The other influence that is prominent on The Thought of You is gospel music. Singer Nikki Ross is featured on a marvelous medley of spiritual songs that begins with voice over organ and slowly morphs into a sanctified R&B groove that lets Brown and Glasper play around the singing. She returns for “I Am Your Song” by Baltimore gospel singer Jonathon Nelson in an arrangement by producer (and Glasper bassist) Derrick Hodge.
That these two songs come toward the end of this collection underlines the way in which Brown has very consciously created a true album, a carefully-planned sequence of songs meant to outline Brown’s vision, musically and otherwise. That first track, so crackling with both jazz and other influences in a single, well-integrated piece, is a calling card, a statement of purpose, and the title is “The Way (Truth & Life)”. The title track is broken into three chunks that appear sprinkled through the disc, a refrain that we return to (theme and trumpet, then a tenor solo by Ellis, then Glasper’s statement returning to the vocal theme). Brown introduces the theme of romantic love and marriage, but then he ends with the theme of faith.
Can I have gotten this far into reviewing this record without writing that Brown is a wondrous drummer, both stone-solid and light on his feet?

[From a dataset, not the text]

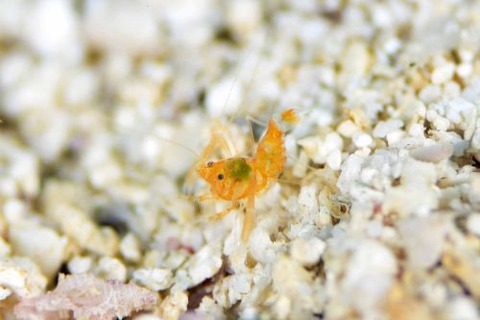 サンゴヒメエビ属の1種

He plays with the fleet subtlety of jazz player, yet he seems to understand the power of a groove. But The Thought of You never feels like an exercise in showing off, even for the leader — a sign of skill and maturity.
It is an impressive first outing, and one that hangs together with increasing power on repeated listenings. The “Interlude II – Life” that ends the record shares the same Glasper piano lick with the first interlude (“Truth”), and it’s only fair to note that the crackling opening track — which contains the words “truth” and “life” — uses a set of Glasper chords that descend with a similar harmonic content. More than a set of tunes, The Thought of You is a work of art that provides a through-line of musical ideas and personal vision, a sense of integration that pulls disparate ideas and influences together into a musical language that feels fresh, accessible, solid.
It’s worth noting that The Thought of You is a joint production between Blue Note and Revive Music. Revive is a production company based in New York run by Meghan Stabile, who is energetically championing a group of creative young musicians who are making this music more accessible again — but doing it without abandoning any ideas. Otis Brown III does that mission proud with this astonishing debut, a disc that will sound just as good in 30 years just as it probably could not have been made 30 years ago.
What a wonderful sign it is that jazz is where such music lives, that Revive is a blossoming institution in New York, and that Blue Note is wise enough to get on board.